> _Material provided_
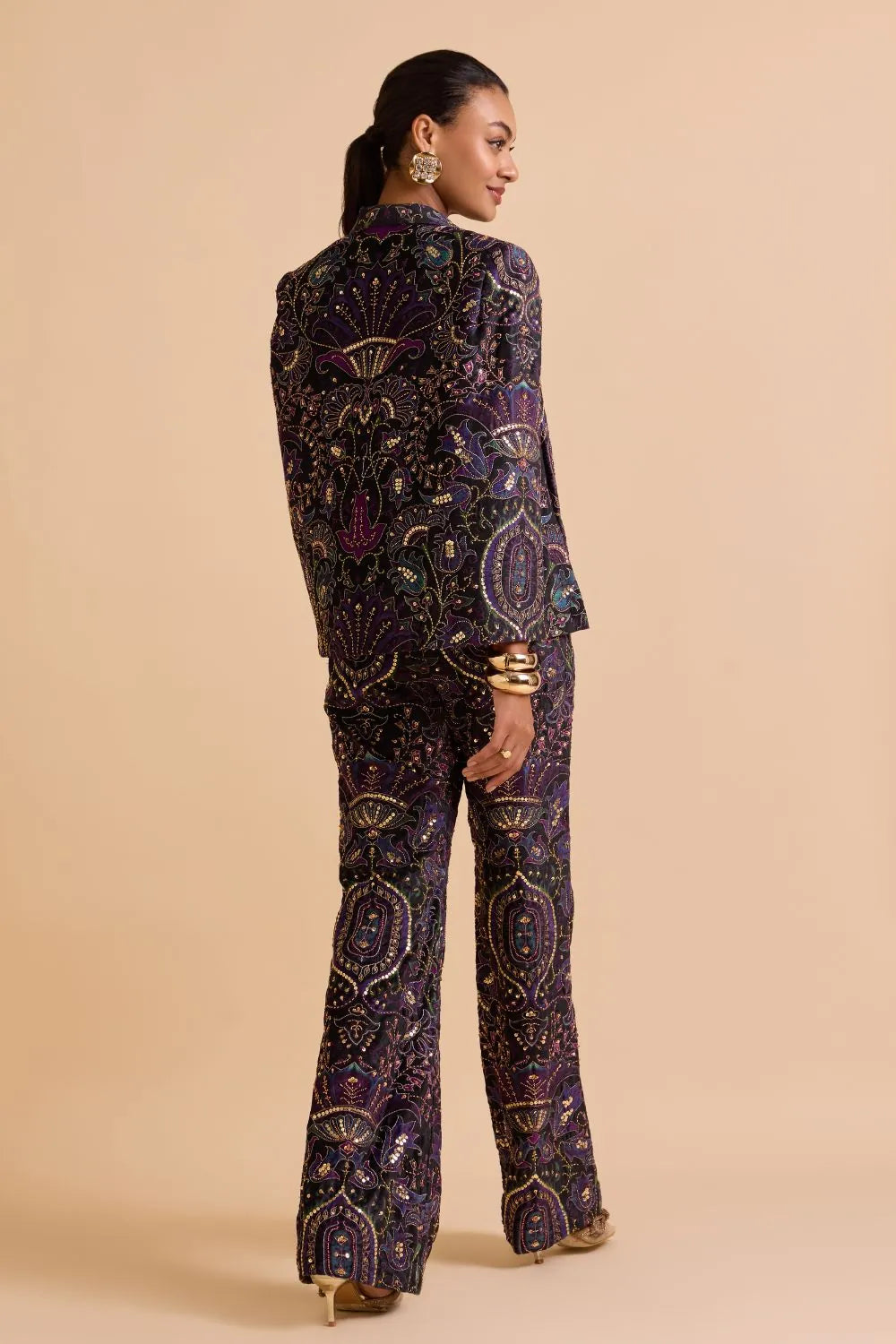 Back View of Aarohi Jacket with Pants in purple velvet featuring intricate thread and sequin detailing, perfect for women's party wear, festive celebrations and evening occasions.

...

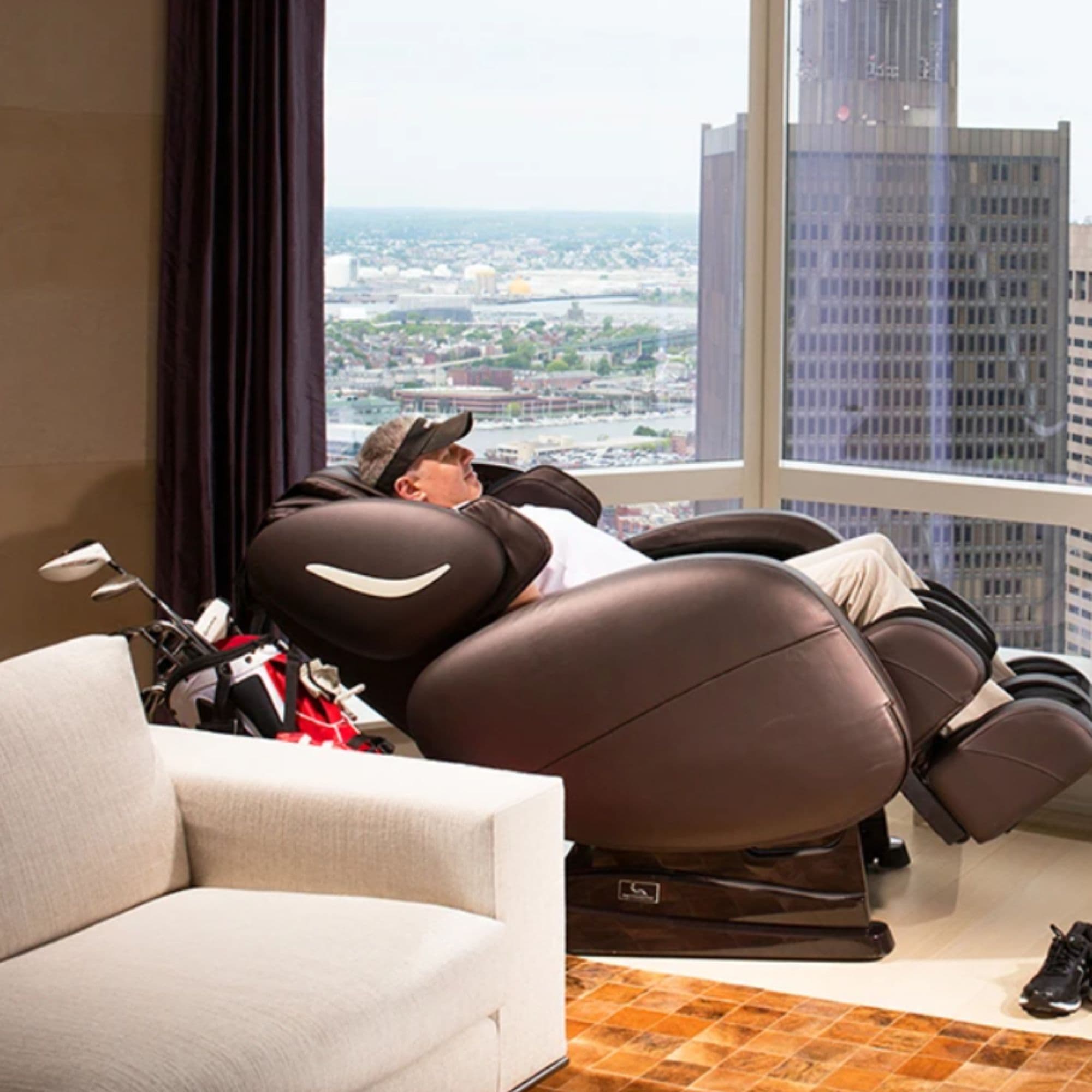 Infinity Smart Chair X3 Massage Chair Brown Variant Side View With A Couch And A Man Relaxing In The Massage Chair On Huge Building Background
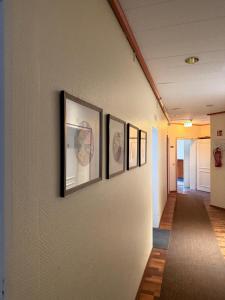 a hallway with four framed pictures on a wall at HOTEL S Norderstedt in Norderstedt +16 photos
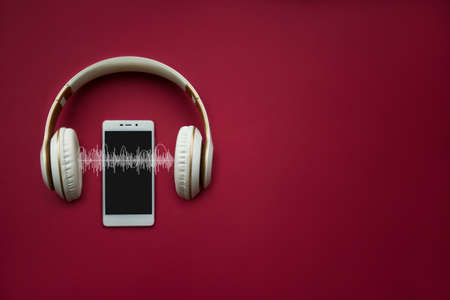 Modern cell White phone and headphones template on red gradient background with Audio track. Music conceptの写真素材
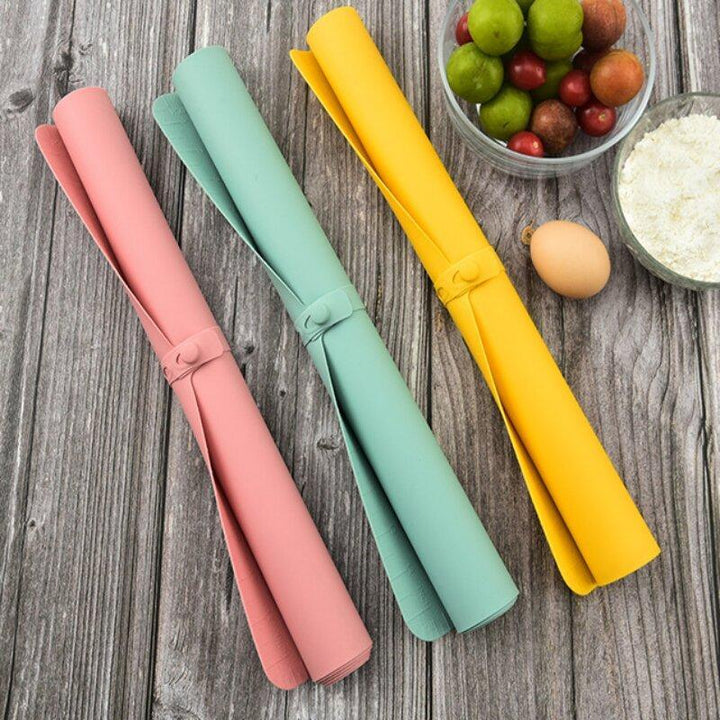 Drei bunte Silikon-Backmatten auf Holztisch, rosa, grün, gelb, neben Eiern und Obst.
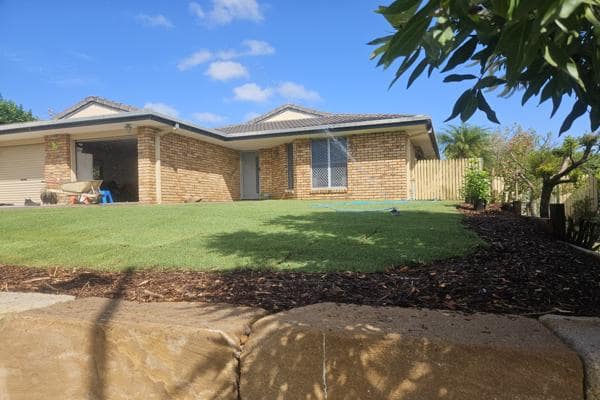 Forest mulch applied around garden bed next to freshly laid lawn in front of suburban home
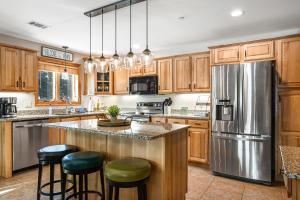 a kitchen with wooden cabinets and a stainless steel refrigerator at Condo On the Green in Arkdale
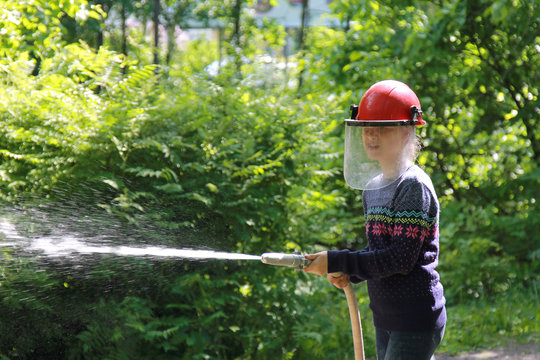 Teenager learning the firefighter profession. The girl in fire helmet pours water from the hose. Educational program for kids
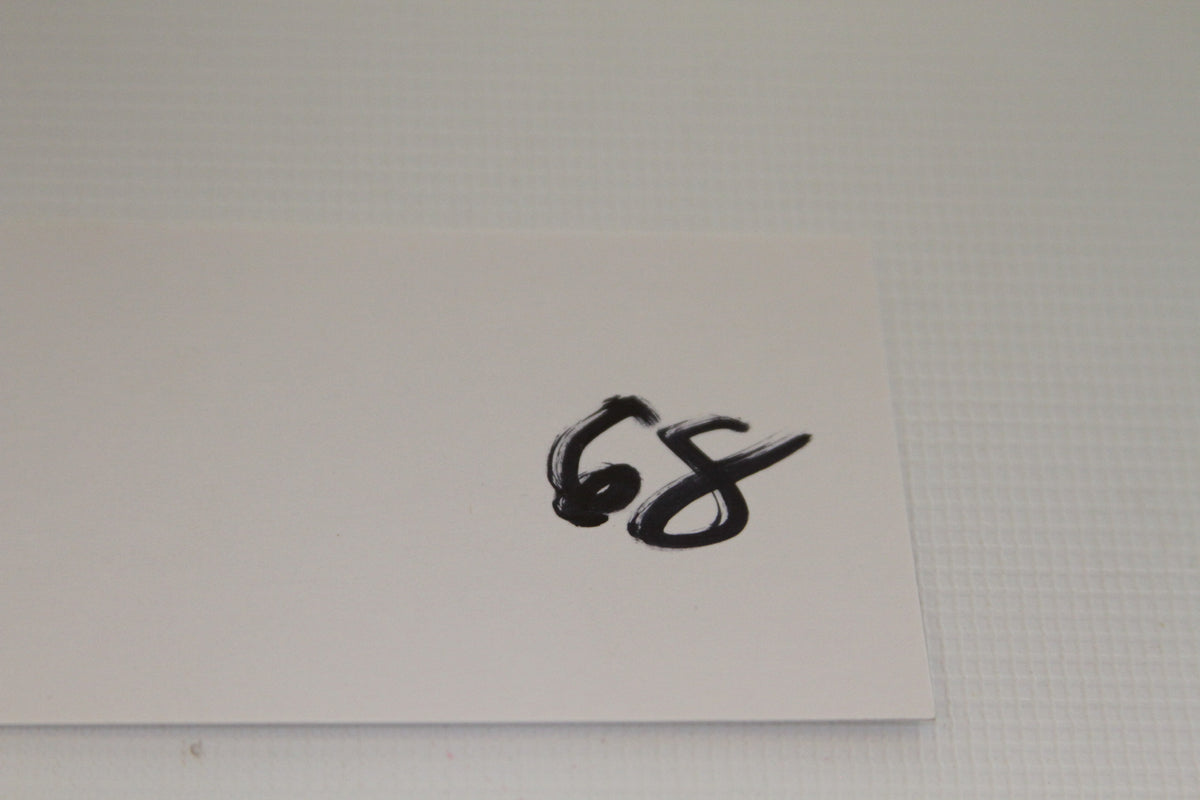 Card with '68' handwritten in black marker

> _Exercise prompt_
Treat the line with "Modern cell White" as the start and the line with "Card with '68' handwritten in black marker" as the end, and return exactly that span of the data above, both ends included, without pictures.

> _Result for this exercise_
 Modern cell White phone and headphones template on red gradient background with Audio track. Music conceptの写真素材
 Drei bunte Silikon-Backmatten auf Holztisch, rosa, grün, gelb, neben Eiern und Obst.
 Forest mulch applied around garden bed next to freshly laid lawn in front of suburban home
 a kitchen with wooden cabinets and a stainless steel refrigerator at Condo On the Green in Arkdale
 Teenager learning the firefighter profession. The girl in fire helmet pours water from the hose. Educational program for kids
 Card with '68' handwritten in black marker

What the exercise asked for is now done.